=== GIVEN ENTRIES ===
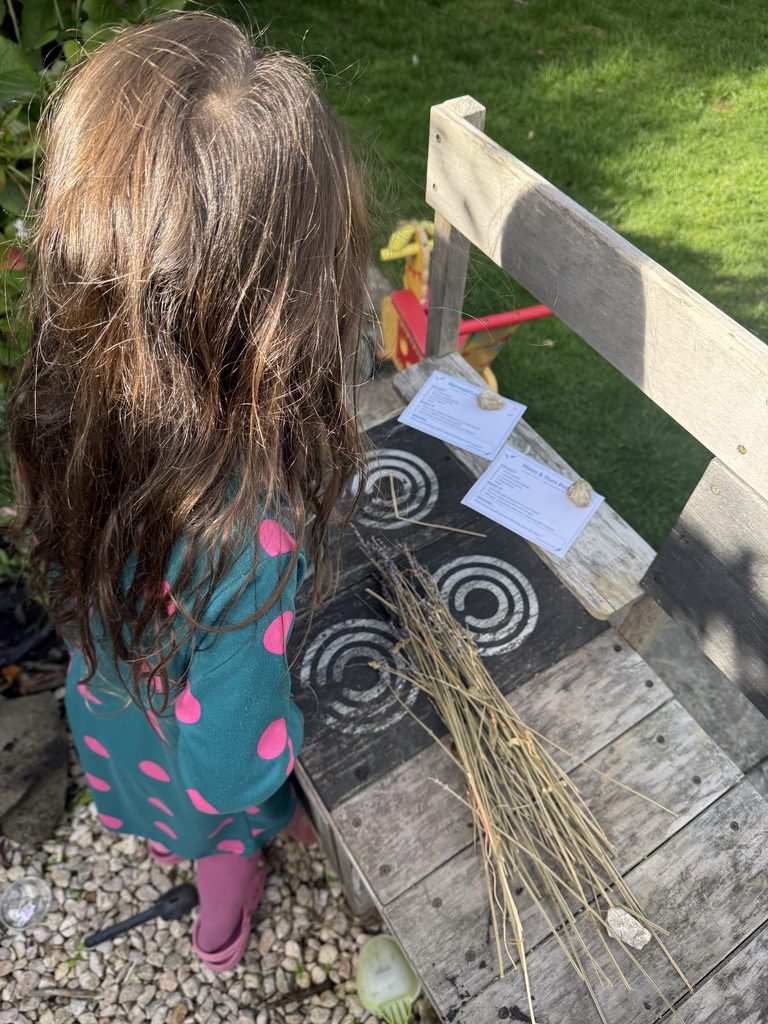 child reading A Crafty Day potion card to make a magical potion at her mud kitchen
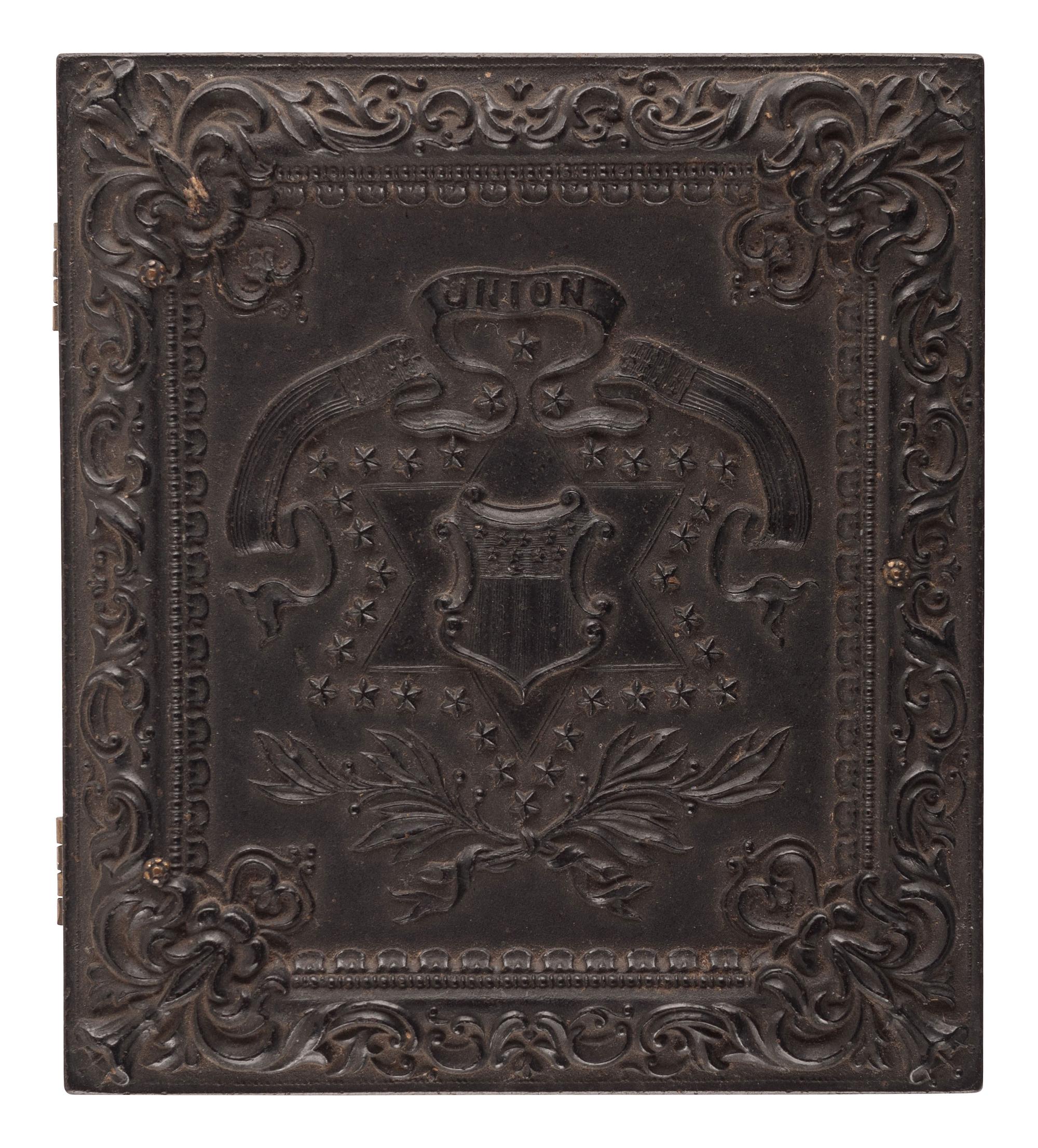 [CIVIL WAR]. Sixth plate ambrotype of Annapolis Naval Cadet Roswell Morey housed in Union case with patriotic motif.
...
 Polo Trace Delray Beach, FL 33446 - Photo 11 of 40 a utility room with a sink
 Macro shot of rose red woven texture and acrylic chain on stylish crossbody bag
...
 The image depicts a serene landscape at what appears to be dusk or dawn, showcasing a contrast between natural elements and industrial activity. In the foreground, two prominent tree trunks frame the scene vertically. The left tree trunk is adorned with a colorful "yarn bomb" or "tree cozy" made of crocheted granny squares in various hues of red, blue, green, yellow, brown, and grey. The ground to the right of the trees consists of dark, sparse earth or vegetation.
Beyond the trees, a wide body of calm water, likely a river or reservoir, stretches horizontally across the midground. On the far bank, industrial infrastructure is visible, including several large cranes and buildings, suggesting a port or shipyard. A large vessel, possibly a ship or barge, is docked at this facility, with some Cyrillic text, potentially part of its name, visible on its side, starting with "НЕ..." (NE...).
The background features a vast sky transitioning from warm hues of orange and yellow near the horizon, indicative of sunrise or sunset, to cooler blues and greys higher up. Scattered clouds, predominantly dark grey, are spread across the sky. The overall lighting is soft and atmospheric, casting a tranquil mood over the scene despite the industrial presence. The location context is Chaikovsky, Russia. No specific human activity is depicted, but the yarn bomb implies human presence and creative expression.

=== ABOUT THIS EXERCISE ===
Lines of the listing that include the string "trees" are to be counted; state that count alone.

=== ANSWER TO THIS PROBLEM ===
2